Entries provided:
=== Begin Enclosure ===

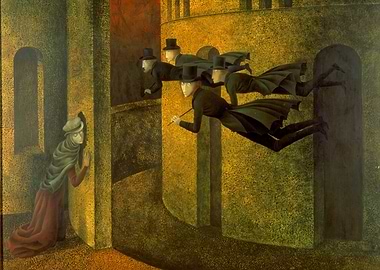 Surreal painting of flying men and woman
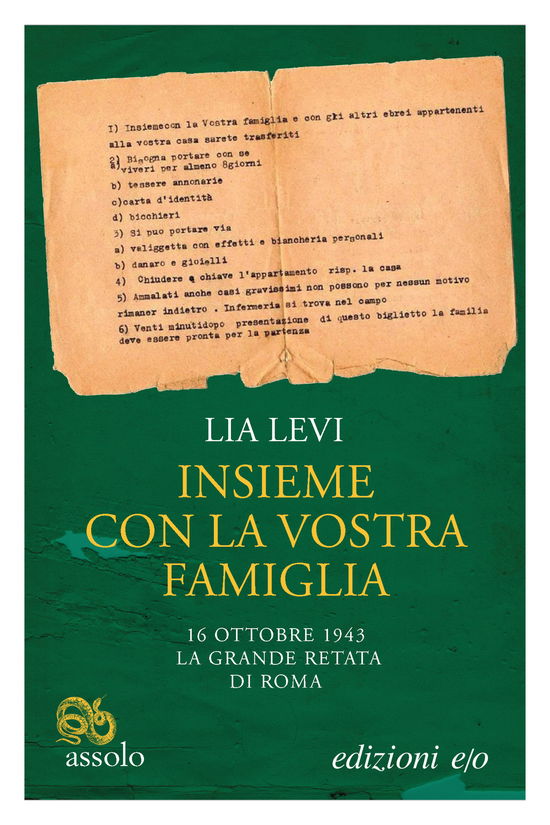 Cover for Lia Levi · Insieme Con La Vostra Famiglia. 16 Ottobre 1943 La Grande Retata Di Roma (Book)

=== End Enclosure ===
=== Begin Enclosure ===

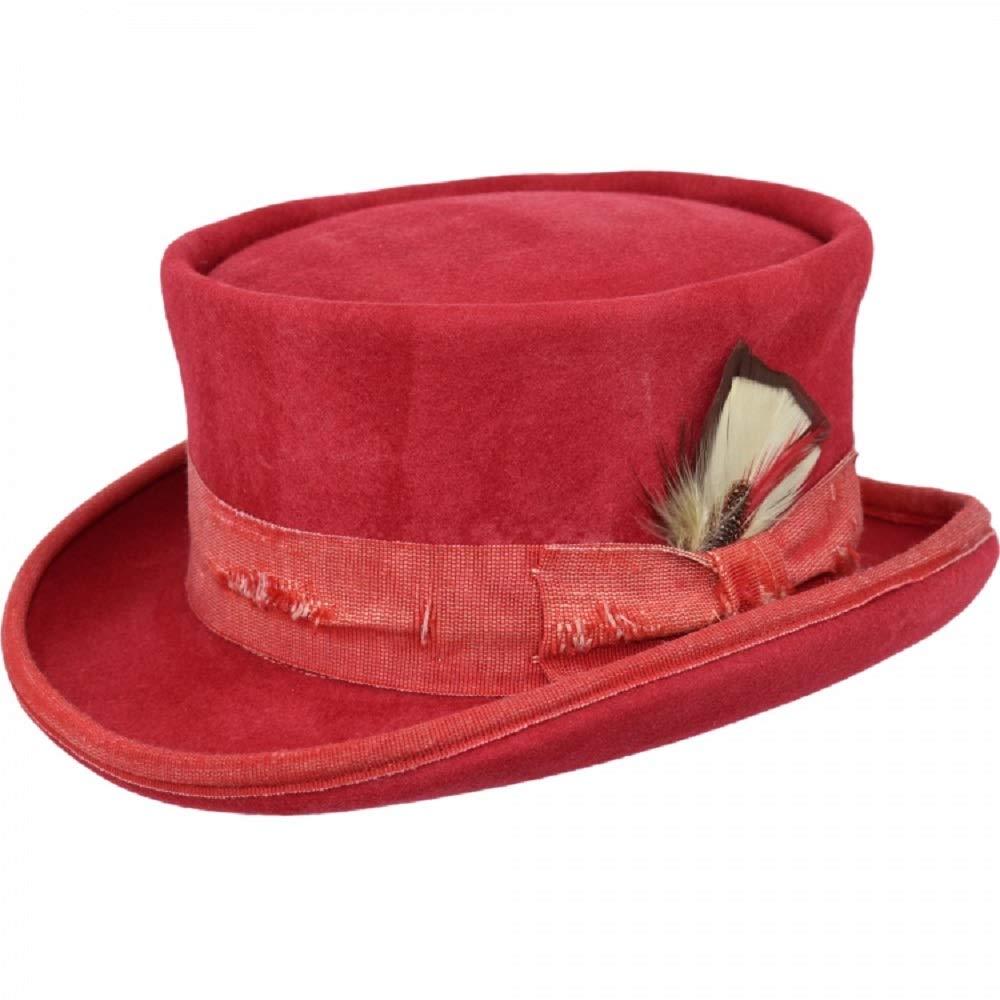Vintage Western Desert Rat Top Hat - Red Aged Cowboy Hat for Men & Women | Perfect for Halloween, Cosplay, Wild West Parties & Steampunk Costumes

=== End Enclosure ===

Goal of the exercise:
The answer is those lines of the material above that run from the one containing "Surreal painting of flying men and woman" up to and including the one containing "Cover for Lia", restated exactly and without images.

Answer to the problem:
 Surreal painting of flying men and woman
 Cover for Lia Levi · Insieme Con La Vostra Famiglia. 16 Ottobre 1943 La Grande Retata Di Roma (Book)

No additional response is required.